* [Task to complete]:
Search the records that follow and extract every line containing the string "slightly".

═══ Supplied data

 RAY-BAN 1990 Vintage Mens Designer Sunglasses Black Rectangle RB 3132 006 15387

══════
═══ Supplied data

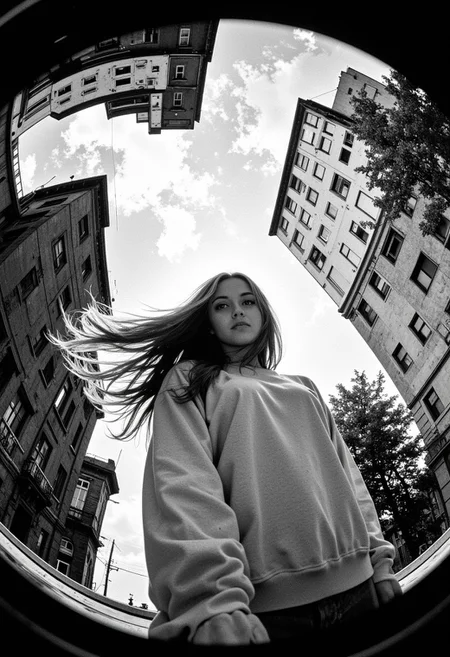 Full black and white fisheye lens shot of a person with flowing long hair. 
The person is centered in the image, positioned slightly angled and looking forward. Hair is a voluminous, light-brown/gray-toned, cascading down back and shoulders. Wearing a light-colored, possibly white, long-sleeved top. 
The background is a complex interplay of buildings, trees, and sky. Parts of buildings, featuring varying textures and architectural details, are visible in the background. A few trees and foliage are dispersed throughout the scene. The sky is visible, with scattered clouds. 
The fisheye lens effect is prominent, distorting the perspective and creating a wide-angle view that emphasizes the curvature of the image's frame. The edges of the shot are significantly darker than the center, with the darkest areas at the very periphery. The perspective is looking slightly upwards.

══════

* [Solution for this problem]:
The person is centered in the image, positioned slightly angled and looking forward. Hair is a voluminous, light-brown/gray-toned, cascading down back and shoulders. Wearing a light-colored, possibly white, long-sleeved top. 
The fisheye lens effect is prominent, distorting the perspective and creating a wide-angle view that emphasizes the curvature of the image's frame. The edges of the shot are significantly darker than the center, with the darkest areas at the very periphery. The perspective is looking slightly upwards.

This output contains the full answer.